Reason for rehoming: They have been boarded with us for over a month whilst their owners moved house, however the accommodation they moved into did not allow pets so they were signed over to us
Will the group be split: No. 
Other: These boys are very friendly and playful and need a home together.


----------



## Kammie (Apr 4, 2009)

Another moving house excuse, poor boys. Surely the owners would have known or thought to check before moving into the house whether they could take pets. 

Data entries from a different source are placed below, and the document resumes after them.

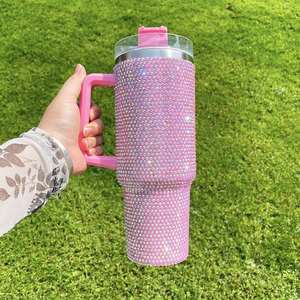Vaso Térmico de 40oz con Aislamiento al Vacío, con Cristales de Diamante y Pedrería, para Agua, Café, Viajes, con Asa y Pajita - Product Image 5
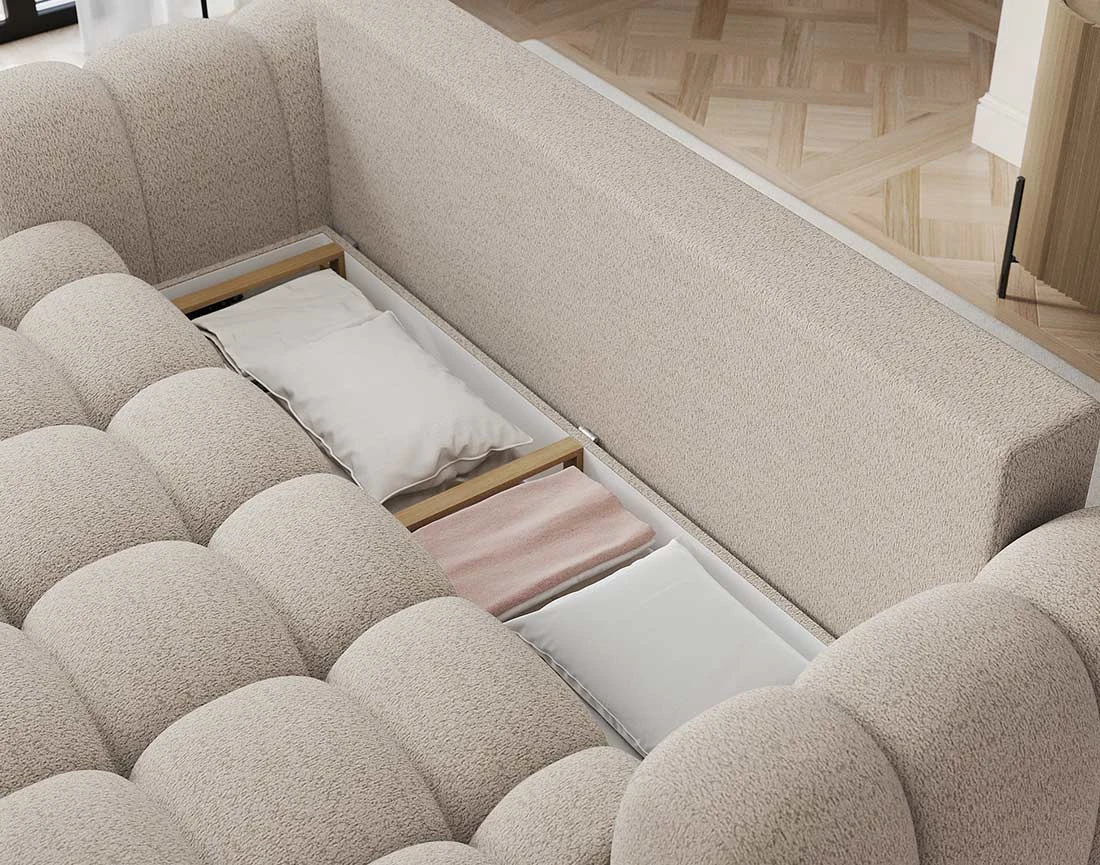 Canapé droit 3 places convertible avec coffre en tissu bouclette Dorian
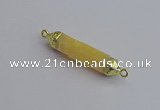 NGC5947 8*40mm tube yellow lace calcite connectors wholesale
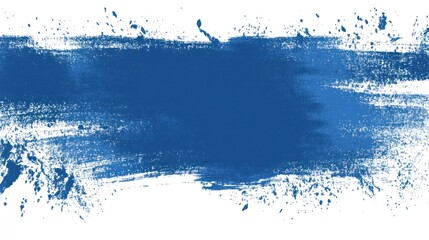 Obraz premium Indigo paint stroke with splatter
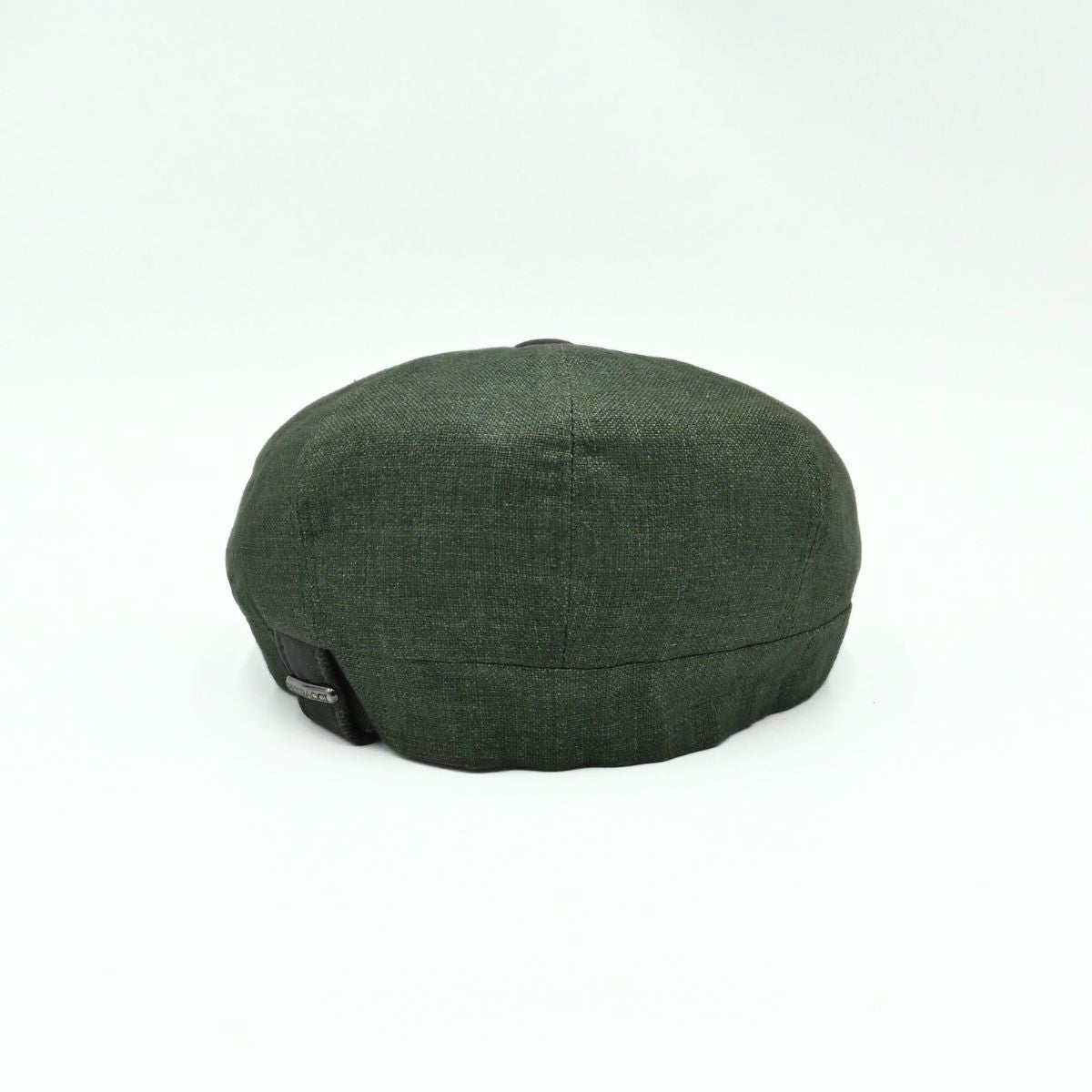 Green Italian Linen Newsboy Hat with leather accents on a white background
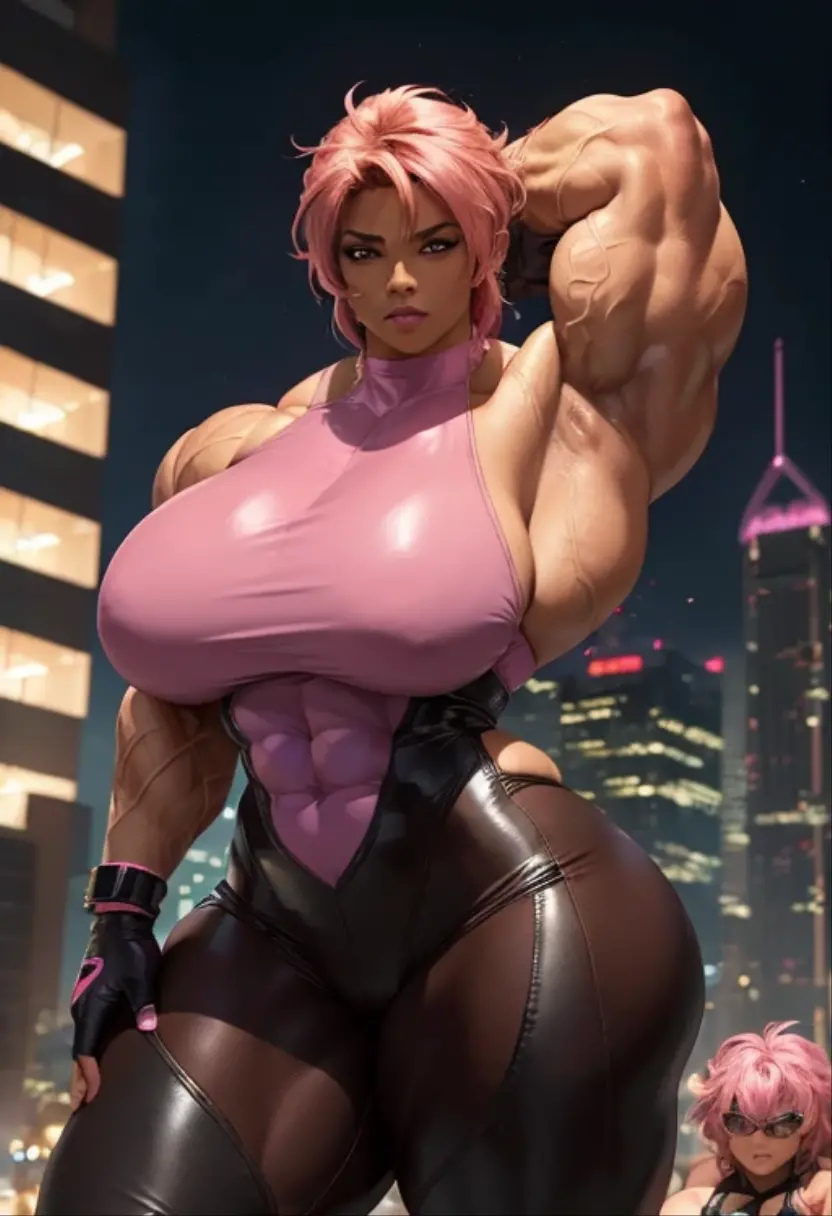 ((((Massive tall, beautiful, buff, brown skinned muscular woman with shocking pink hair, tattooed body adorned with intricate designs, ginormous bulky muscles, and wearing a beautiful silk black halter top with black pants)))), ((close view)), massive muscle, massive biceps, hyper muscle shoulders, ((massive muscle arms)) vascular shoulders, hyper muscle triceps, (angled bob cut), red eyes, ((tattooed body adorned with intricate designs)), choker, (pants), high heel boots, (in a crowded Tokyo street), confident smile, night, hyper vascular arm, hyper muscles arms, hyper muscle legs, (massive arms).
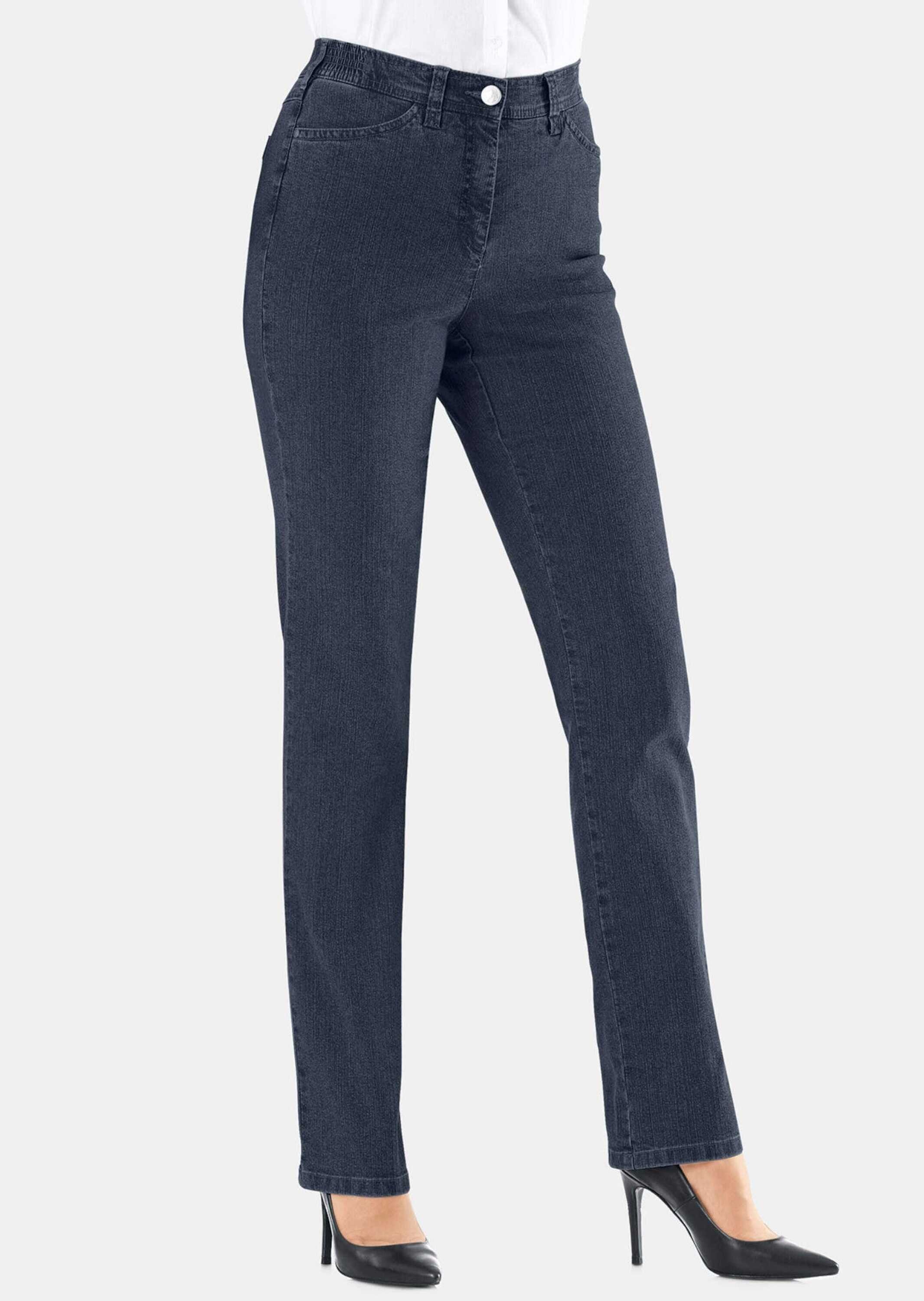 GOLDNER Bequeme Jeans Kurzgröße: Klassische Jeanshose ANNA dunkelblau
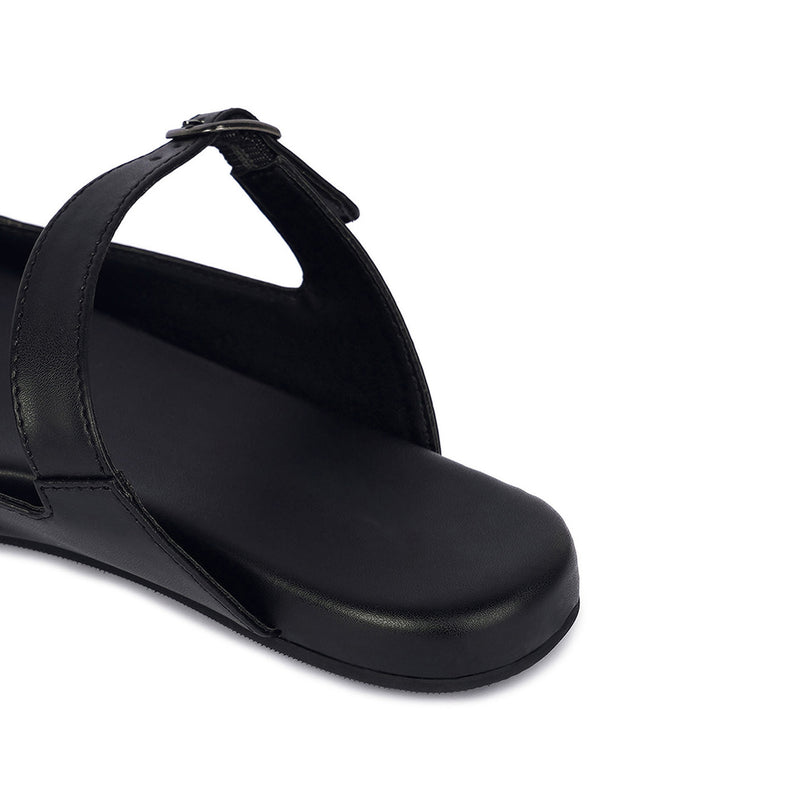 Eve Dual-Strap Vegan Leather Black Slides Women Thrift Edit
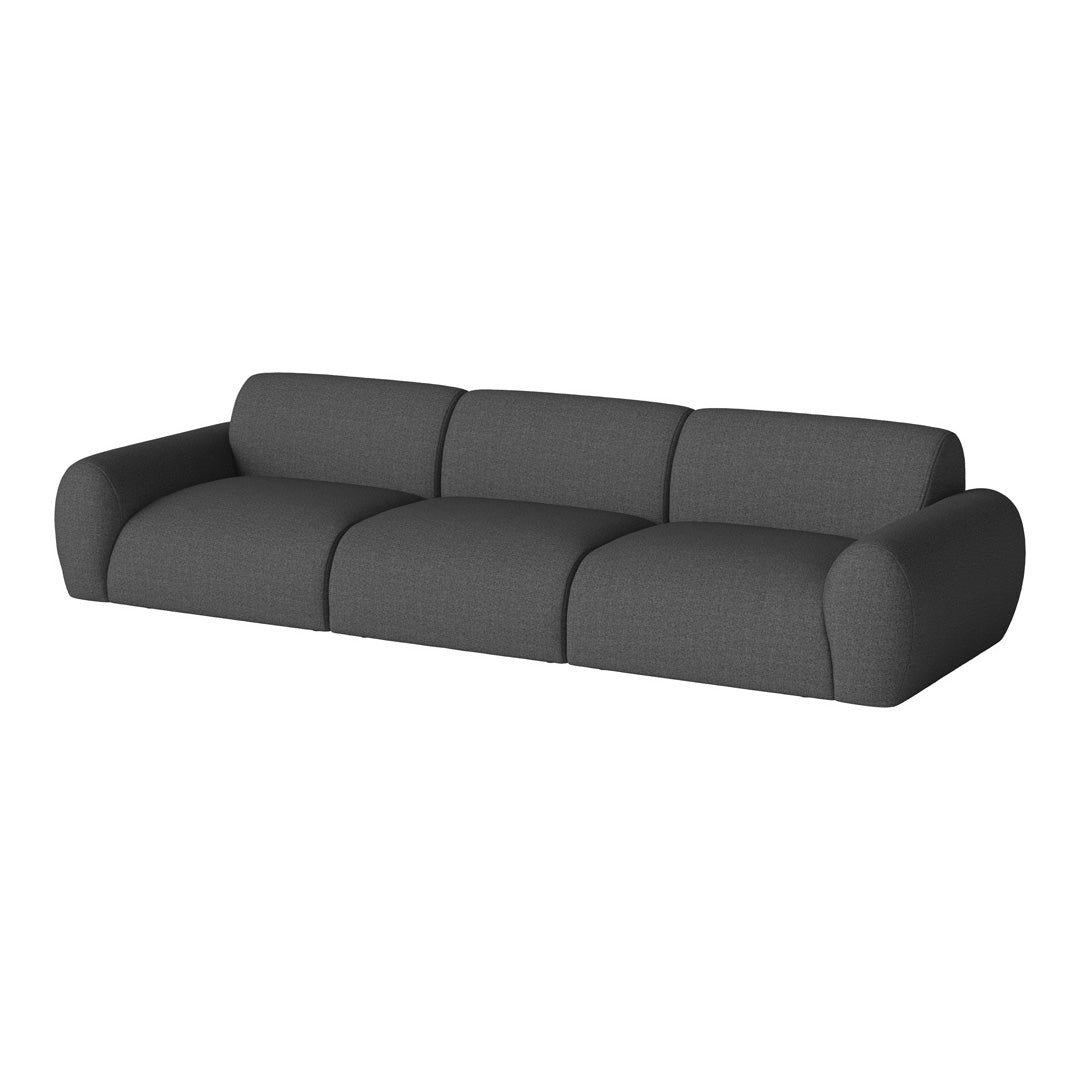 Gray fabric sofa with a modern, smooth design and subtle textured pattern. Perfect for contemporary living rooms.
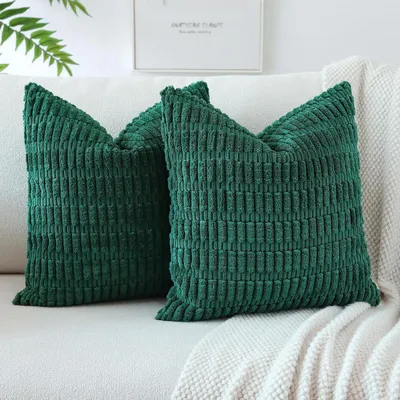 Productafbeelding van Kussenslopen, corduroy, set van 2, donkergroen, 40x40 cm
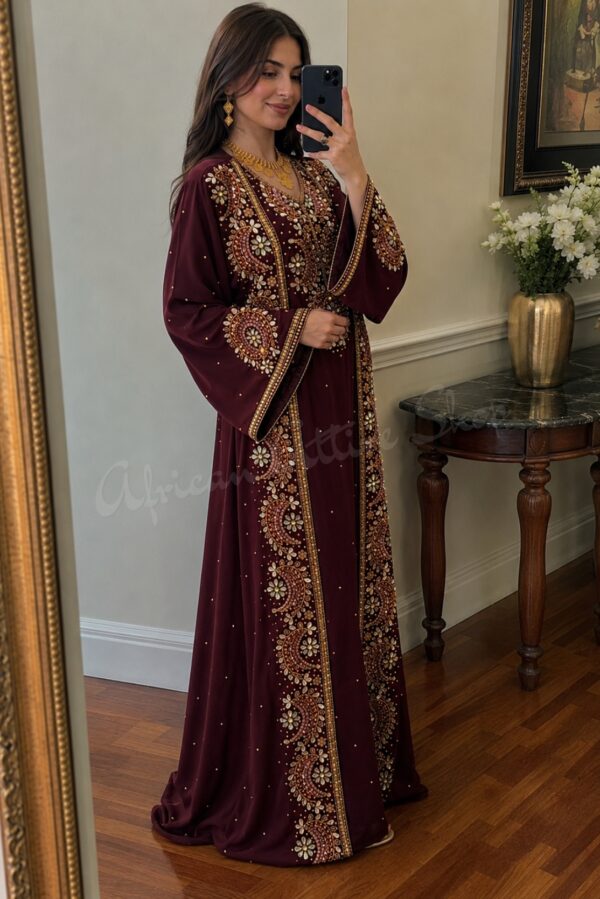 Burgundy Moroccan kaftan wedding dress with intricate gold embroidery and beadwork (2)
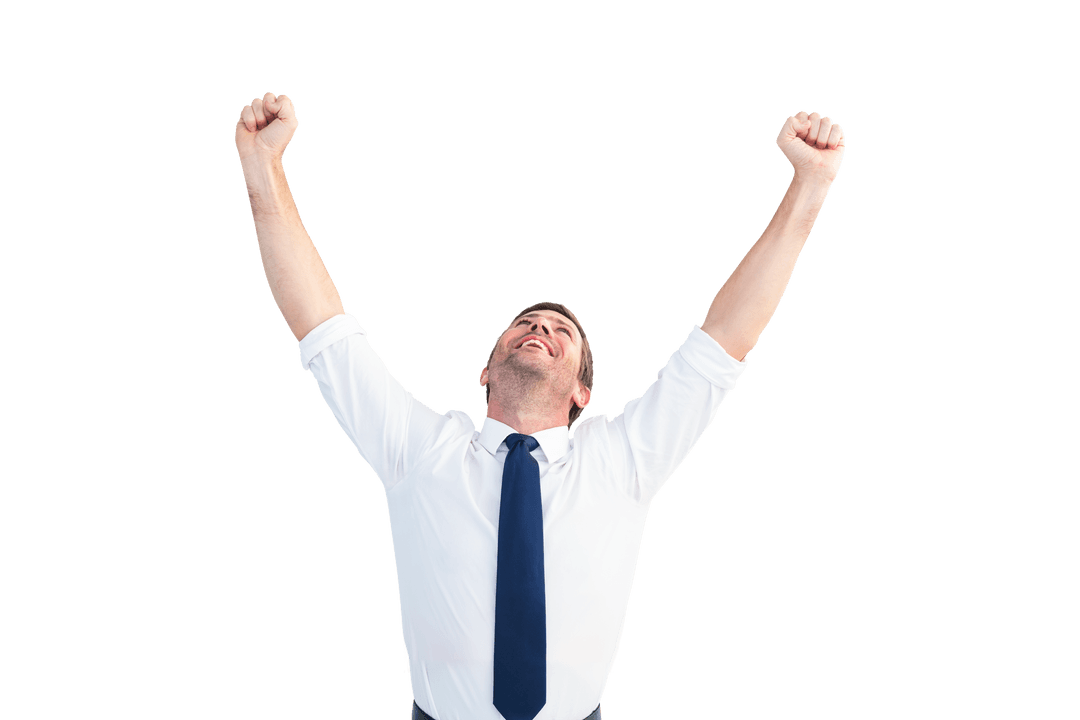 Joyful Businessman with Raised Arms on Transparent Background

Hope these gorgeous boys find a good home.


----------



## Roselle (Jul 28, 2011)

So sad I will ask around my contacts re: responsible rehoming possibilities.


----------



## AmyCruick (Jul 20, 2009)

Awww they are gorgeous!! They look like little Alans 

Hope they find a home soon


----------



## Chez87 (Aug 11, 2010)

Very interested in these two! I will pm you.


----------



## Guest (Aug 15, 2011)

Chez87 said:


> Very interested in these two! I will pm you.


It's best to phone the rescue as Anna doesn't come on everyday


----------



## Chez87 (Aug 11, 2010)

Oh ok, thank you!


----------



## Chez87 (Aug 11, 2010)

Looks like these gorgeous boys are coming to live with me this weekend!


----------



## helebelina (Nov 11, 2009)

Aw I'm so glad. I'm coming over to Anna's on Saturday and would SO have had these 2 gorgeous ones in a flash!


----------



## AnnaT (Oct 13, 2009)

Now rehomed


----------



## emzybabe (Jun 30, 2009)

wow quick work! so glad they've found a new home


----------



## Chez87 (Aug 11, 2010)

They are settling in well! Radar seems the more outgoing one, very confident, curious little boy! But both very fond of their food.


----------